Além do Conflito - Escutar o Sofrimento de Cada Gênero

Homens e mulheres carregam, em seus corpos, gestos e palavras, marcas que não começaram com eles. São histórias atravessadas por silêncios, mandatos inconscientes, modos de amar e sofrer que se repetem geração após geração.

Em tempos em que o embate entre os gêneros se intensifica nas redes sociais — onde acusações cruzadas tomam o lugar da escuta — talvez seja necessário fazer uma pausa e perguntar: de onde vêm essas dores que se chocam?

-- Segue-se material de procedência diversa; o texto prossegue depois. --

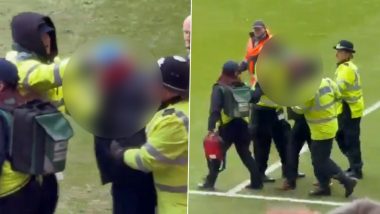 FA Cup 2023–24: Fan Ends Up Having Head Injuries After Crowd Trouble During West Brom vs Wolves Fourth Round Match (Watch Video)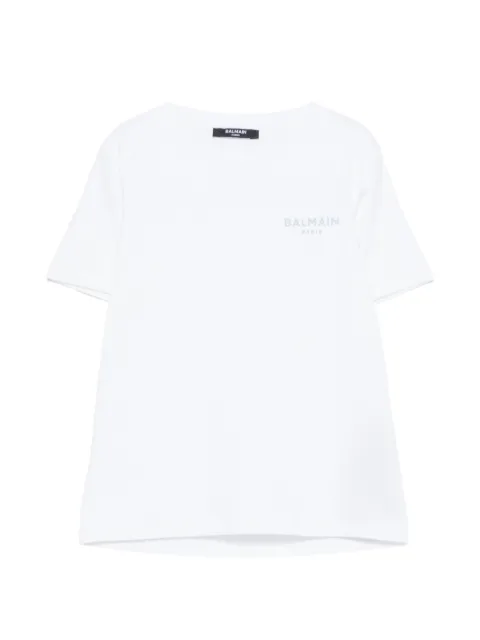 Balmain Kids short-sleeve T-shirt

O que hoje se vê nas redes — essa tensão constante, o ruído, a troca de culpas — não nasceu agora. É o sintoma de uma história longa, feita de desencontros, expectativas desmedidas, idealizações e ressentimentos acumulados em camadas. São dores que não se escutam, apenas se enfrentam.

A psicanálise nos convida a olhar para além da superfície. O que se expressa como raiva, desprezo ou indiferença, muitas vezes é o eco de uma ferida antiga:
– do menino que aprendeu que não podia chorar, que precisava ser forte, conter o medo, sufocar o afeto, e se calar diante da dor;
– da menina que aprendeu que precisava agradar, ceder, calar os próprios desejos para merecer afeto e não ser rejeitada.

De um lado, o peso de séculos de silenciamento do feminino — a exaustão de quem precisou suportar, se adaptar, se desdobrar para dar conta de tudo e de todos.
Do outro, a rigidez do masculino — a limitação emocional de quem foi ensinado a não sentir, a não precisar, a não falhar.

Essas marcas são deixadas pelas primeiras experiências de amor, rejeição, ausência ou invasão. Moldam nossos vínculos futuros. Quando não elaboradas, voltam sob outras formas — e nos fazem repetir justamente o que mais tememos.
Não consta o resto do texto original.